On Fred's Announcement
BY Patrick Ruffini | Saturday, September 1 2007
Allen Fuller has a great post up discussing Fred's online announcement on September 6th. For whatever reason, people's antennae seem to go up whenever there's an inkling of Fred running a video-based campaign, and this is no exception.
Fred Thompson will launch a legitimate campaign for President via webcast. That's just unreal. Sure, Hillary and Edwards and all them did it months ago, but that was months ago when there was no pressure and relatively little media attention. I'm as much of a new media guy as anyone, and I applaud them for going for it, but this is risky at best. Friends of Fred Thompson will not get nearly the attention from the mainstream media as a big event on the square in Lawrenceburg, Tenn. would. On the other hand, this does play to his strength. He is a professional TV actor after all. I'd imagine they will allow networks to play the broadcast-quality video live as well. Either way it is a go-for-broke strategy and I'm interested to see how it plays out.
I for one applaud Fred for announcing on the Web. It's a strategy I've advocated for candidates in different settings for months. With that said, context matters. And to put it mildly, I don't think they've handled the run-up to this announcement very well.
Let's rewind to the Hillary and Obama online announcements.
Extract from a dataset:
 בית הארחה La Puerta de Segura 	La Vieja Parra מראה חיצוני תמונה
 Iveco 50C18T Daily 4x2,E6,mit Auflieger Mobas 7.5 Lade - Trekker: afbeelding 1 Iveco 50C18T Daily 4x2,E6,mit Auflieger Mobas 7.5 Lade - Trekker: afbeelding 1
What key element did they have in common? Surprise. No one knew they were doing it until their visage popped up on their newly launched Presidential sites. This created a powerful, almost irresistible rush of Google-driven traffic to their candidate websites. In fact, I can tell you exactly where I was for each of them. On the Tuesday morning Obama announced I was at a meeting offsite and dropped in on a friend in his office, where he showed me the video on his workstation. And the next Saturday morning, I remember getting the Hillary Clinton e-mail titled "I'm in." Two things stand out: one, I don't think I ever opened and rushed to click through on an email so fast, and second, I felt really behind the news cycle because the email had been sent a mere hour before. This was Hillary Clinton making a major strategic announcement... in an email.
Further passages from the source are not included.